Suzlon Energy Ltd. (SUEL), the wind-turbine producer behind the biggest Indian convertible bond default, reported its fourth consecutive quarterly loss as the debt burden and cash shortfall at the company hurt operations.
India’s biggest maker of the machines had an 8.1 billion- rupee ($148 million) loss in the fiscal second quarter ended Sept. 30, compared with a 480 million rupee-profit the year earlier, it said in a statement. It missed the 3.3 billion-rupee loss median estimate of six analysts surveyed by Bloomberg.
“The first half of the financial year has been disappointing,” Chief Financial Officer Kirti Vagadia said in a phone interview. Working capital limitations and debt management issues meant “sub-optimal” cash was allocated to operations.
Suzlon plans to complete a proposed 107 billion-rupee debt restructuring and a deal with bondholders within the next four months, Vagadia said.

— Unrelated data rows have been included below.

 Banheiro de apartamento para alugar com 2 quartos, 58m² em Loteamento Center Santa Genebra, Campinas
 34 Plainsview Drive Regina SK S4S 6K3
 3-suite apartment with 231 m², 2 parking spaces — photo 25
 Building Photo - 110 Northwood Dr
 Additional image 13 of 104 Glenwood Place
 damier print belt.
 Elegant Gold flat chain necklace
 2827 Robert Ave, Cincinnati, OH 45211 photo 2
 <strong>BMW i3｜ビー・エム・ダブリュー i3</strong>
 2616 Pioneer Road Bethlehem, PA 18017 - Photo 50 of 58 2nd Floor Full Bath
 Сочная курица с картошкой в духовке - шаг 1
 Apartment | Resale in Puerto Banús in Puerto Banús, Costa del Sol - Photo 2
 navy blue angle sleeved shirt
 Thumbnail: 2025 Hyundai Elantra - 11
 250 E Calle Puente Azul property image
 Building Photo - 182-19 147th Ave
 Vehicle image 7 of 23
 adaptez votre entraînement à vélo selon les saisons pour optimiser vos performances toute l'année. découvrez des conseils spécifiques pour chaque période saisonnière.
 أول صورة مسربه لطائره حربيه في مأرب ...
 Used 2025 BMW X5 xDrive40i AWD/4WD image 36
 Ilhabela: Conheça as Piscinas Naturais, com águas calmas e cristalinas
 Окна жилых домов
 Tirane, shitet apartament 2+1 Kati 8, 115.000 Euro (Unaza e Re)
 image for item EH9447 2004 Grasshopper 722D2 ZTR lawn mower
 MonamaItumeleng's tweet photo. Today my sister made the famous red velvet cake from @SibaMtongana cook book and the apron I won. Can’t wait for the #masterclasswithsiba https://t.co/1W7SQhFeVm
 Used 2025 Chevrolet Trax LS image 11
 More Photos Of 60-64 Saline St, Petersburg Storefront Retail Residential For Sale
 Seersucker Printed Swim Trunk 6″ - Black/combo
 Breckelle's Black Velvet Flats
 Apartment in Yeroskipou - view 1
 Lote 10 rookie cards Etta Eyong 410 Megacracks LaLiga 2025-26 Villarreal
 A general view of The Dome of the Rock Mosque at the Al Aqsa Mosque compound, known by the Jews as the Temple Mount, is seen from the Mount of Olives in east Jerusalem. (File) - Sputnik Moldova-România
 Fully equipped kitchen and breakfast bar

The company defaulted on $209 million of foreign-currency convertible notes on Oct. 11 after bondholders rejected its request for a four-month extension. That delinquency could potentially trigger creditor demands for immediate payment of other loans and bonds because of cross-default clauses.
“To date, I have not received a statutory note from any lenders,” invoking that right, Vagadia said. Suzlon is in dialog with 80 percent of its bondholders after the default, according to an investor presentation released today.
As part of its debt-restructuring proposal, Suzlon has requested $400 million of working capital facilities, it said today. Approval of that package would “provide the liquidity we require to first stabilize and then improve our business,” Chairman Tulsi Tanti said on a conference call with analysts.
German unit Repower Systems SE is “debt-free” and the parent has no plans to tap its cash to pay off debt, Vagadia said. “Repower is on a growth path and we prefer to use its cash to fund its business,” the CFO said.
Total group debt rose 31 percent to 136 billion rupees, while cash fell 57 percent to 9.64 billion rupees, according to the investor presentation.
Net sales rose 12.4 percent to 57 billion rupees, the company said. Its order book stood at $6.8 billion as of Nov. 9 after signing 1,070 megawatts of new contracts in the quarter.
Suzlon filed a lawsuit in September against a unit of Edison International (EIX:US) to recoup a $217 million payment by February for turbines supplied to an Illinois wind farm in 2009. Edison disputes that Suzlon has satisfied the conditions for payment, Edison spokesman Douglas McFarlan said on Sept. 28.
Vagadia declined to comment on when a ruling is expected. If the court doesn’t order an earlier resolution, the latest that Edison can delay payment is October 2014, he said.